このような場合、全ての関係者が納得し、議論を導いてくれるガイドが必要です。では、どのようなガイドが必要でしょうか?

今回のケースでは、議論がきわめて内側に志向してしまっているので、それを外部から客観的に評価する必要があります。私がこのとき話したのは、「顧客」この一点のみです。

"みんなは、この組織のことばかり話しているけれど、生徒はどう思っているんでしょう?"

"400人の生徒のうち、100人がこの1年間で去ったのは、本当に金銭的な理由だけでしょうか?彼らは、何を思い、何を感じているのか、何に不満をもっているのか、そして彼らがこの組織に何を期待しているのか、みなさん答えられるでしょうか?"

"私たちは、まず、生徒さんの悩みに思いを馳せ、それをくみ取り、そしてその次に、この組織が彼らに何をサーブできるのかを考える必要があるのではないでしょうか。ですから、ミッションやチャリティや各種の施策はおいておいて、生徒のニーズ、思い、悩みから議論しませんか。"
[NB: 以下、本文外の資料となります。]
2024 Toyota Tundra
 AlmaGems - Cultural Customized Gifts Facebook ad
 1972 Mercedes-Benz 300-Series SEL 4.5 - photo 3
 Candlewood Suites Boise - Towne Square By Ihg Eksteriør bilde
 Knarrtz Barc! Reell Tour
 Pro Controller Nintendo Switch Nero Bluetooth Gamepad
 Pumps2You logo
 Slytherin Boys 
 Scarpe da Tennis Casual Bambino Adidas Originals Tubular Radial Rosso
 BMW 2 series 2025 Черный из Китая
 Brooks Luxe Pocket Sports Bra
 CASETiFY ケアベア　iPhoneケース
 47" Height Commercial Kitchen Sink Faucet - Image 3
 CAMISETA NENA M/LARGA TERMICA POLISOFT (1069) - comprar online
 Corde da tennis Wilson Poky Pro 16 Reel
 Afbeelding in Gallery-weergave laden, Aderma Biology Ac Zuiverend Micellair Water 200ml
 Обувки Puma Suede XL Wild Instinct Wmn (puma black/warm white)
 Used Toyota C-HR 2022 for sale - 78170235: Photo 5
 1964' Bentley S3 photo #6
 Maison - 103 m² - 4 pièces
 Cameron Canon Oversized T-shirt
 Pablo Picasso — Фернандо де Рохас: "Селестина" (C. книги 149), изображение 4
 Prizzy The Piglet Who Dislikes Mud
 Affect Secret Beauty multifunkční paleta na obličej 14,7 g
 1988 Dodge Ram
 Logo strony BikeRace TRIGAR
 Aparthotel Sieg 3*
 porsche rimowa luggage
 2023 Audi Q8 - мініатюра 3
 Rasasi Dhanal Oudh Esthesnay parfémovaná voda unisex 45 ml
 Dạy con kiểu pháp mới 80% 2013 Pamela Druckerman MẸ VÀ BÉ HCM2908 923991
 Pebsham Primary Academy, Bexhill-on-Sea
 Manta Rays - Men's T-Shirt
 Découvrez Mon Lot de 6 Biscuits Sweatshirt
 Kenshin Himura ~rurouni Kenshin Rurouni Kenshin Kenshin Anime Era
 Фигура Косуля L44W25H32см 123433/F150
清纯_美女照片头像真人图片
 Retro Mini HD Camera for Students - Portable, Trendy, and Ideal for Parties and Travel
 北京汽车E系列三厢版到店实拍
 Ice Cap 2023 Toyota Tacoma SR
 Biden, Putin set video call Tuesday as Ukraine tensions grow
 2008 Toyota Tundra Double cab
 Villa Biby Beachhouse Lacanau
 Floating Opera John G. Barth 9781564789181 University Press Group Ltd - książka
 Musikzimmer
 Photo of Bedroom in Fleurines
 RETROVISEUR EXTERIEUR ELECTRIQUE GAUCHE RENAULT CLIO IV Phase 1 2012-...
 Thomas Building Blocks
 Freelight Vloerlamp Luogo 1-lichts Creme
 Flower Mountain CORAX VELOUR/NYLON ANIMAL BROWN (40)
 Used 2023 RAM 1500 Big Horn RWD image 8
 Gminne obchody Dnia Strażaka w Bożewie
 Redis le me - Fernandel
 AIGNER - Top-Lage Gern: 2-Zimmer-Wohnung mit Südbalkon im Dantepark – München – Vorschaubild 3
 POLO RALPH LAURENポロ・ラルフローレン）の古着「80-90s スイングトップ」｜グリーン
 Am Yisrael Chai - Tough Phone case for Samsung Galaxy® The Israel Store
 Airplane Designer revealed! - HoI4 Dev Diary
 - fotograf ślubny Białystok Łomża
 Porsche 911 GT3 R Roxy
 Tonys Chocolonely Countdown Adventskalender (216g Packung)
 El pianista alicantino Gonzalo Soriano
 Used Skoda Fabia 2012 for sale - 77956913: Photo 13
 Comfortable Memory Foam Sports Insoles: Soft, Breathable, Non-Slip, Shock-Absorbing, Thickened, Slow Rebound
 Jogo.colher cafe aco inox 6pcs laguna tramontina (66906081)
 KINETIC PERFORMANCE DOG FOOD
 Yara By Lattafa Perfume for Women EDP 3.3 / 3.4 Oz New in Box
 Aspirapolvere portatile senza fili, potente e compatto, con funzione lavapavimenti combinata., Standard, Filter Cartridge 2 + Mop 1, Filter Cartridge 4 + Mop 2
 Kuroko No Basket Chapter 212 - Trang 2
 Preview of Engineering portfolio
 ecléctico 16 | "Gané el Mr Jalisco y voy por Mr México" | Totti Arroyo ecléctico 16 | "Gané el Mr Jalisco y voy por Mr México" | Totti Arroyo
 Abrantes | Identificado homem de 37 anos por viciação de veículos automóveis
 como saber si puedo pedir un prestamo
だれもが顧客が大切だと思っています。しかし、議論の渦中に入ってしまうと、それが見えなくなる。そして、いつの間にか組織が主語になっていく。そのときに、この顧客の視点を一気に導入すると、いつだってきわめてパワフル。具体的な顧客の悩みと切り出すと、そこには誰もが逆らえない崇高感があるのです。組織が主語になっている場合は、顧客視点をガツンと議論の中に投げ込んであげると効果的です。ここさえきちんと押さえられれば、いわゆる通常のマーケティングのプロセスにのせてあげることができるからです。